Jacques Bouhga Hagbe (MPCN) et Seta Caxton Ateki (PAL) partagent un destin similaire. Jeune Afrique révèle que tous trois – avec Iyodi – ont pâti d'une « défaillance majeure : l'image et la réputation des leaders des partis qui les ont investis », selon l'analyse d'un observateur aguerri de la scène politique camerounaise.

Bouhga Hagbe a dû affronter Jean Monthé Nkouobité, figure controversée du MPCN, tandis qu'Ateki s'est heurté à Célestin Bedzigui au sein du PAL. Ces querelles internes, loin de les affaiblir définitivement, leur ont paradoxalement permis de se positionner comme des voix nouvelles, débarrassées des compromissions de leurs mentors.

Avec seulement 0,28 % des voix, Pierre Kwemo affiche le score le plus modeste de cette nouvelle génération. Pourtant, Jeune Afrique a appris qu'il ne se décourage nullement et compte miser sur la constance pour s'imposer progressivement dans le paysage politique.

« La visibilité acquise lors d'une présidentielle est inestimable, même avec un score faible, explique un de ses proches. Cela ouvre des portes, permet de rencontrer des financeurs potentiels et de structurer une organisation politique. Dans cinq ans, personne ne se souviendra des pourcentages, mais tout le monde se rappellera qui était candidat. »

Cette stratégie de long terme s'inscrit dans une lecture lucide du système politique camerounais, où la longévité et la persévérance comptent souvent plus que les performances ponctuelles.

Pour tous ces nouveaux venus, les prochaines élections locales constitueront le véritable test de leur capacité à transformer l'essai. Contrairement aux figures établies de l'opposition – Libii, Osih, Matomba – qui risquent de perdre leurs sièges de députés ou de conseillers, ces candidats n'ont rien à perdre et tout à construire.
Les révélations de Jeune Afrique montrent que plusieurs d'entre eux travaillent déjà à nouer des alliances locales, loin des projecteurs médiatiques, pour s'implanter dans des circonscriptions stratégiques. L'objectif est clair : obtenir des élus locaux qui constitueront la base d'une montée en puissance progressive vers les scrutins nationaux.

Au-delà des parcours individuels, l'émergence de ces nouveaux visages traduit une recomposition profonde de l'opposition camerounaise. Face à l'usure des figures historiques et à la répression qui frappe les contestataires radicaux comme Tchiroma Bakary, cette nouvelle génération mise sur une approche différente : la patience, l'enracinement local et la construction méthodique d'une alternative.

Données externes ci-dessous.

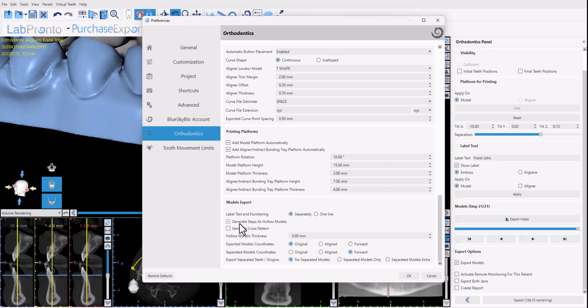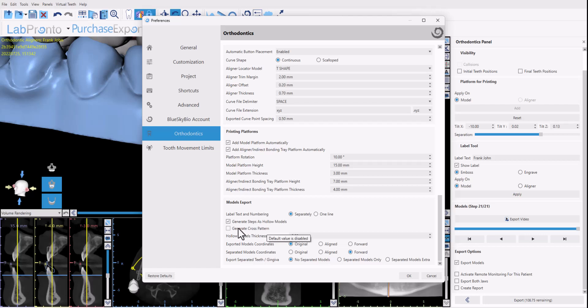While we're here I'll just point out we have other options. By default the checkbox generate steps as hollow models which means the models will be printed as hollow models to save printing time and material. You do have an option to generate cross patterns so if you don't want it to be open from the bottom it could be closed with a cross pattern if you check the checkbox here.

« Le système Biya a montré ses limites lors de cette élection, avec son pire score depuis 1992, rappelle l'analyste Moussa Njoya dans les colonnes de Jeune Afrique. Ces jeunes candidats l'ont compris : le changement viendra, mais il faudra être prêt le moment venu. »

En attendant ce moment, Patricia Tomaïno Ndam Njoya, Samuel Hiram Iyodi, Pierre Kwemo et les autres continuent leur travail de fourmi, loin des caméras, pour préparer l'après-Biya. Une stratégie de long terme qui pourrait s'avérer payante dans un pays où la jeunesse représente plus de 60 % de la population et où l'aspiration au changement ne cesse de croître.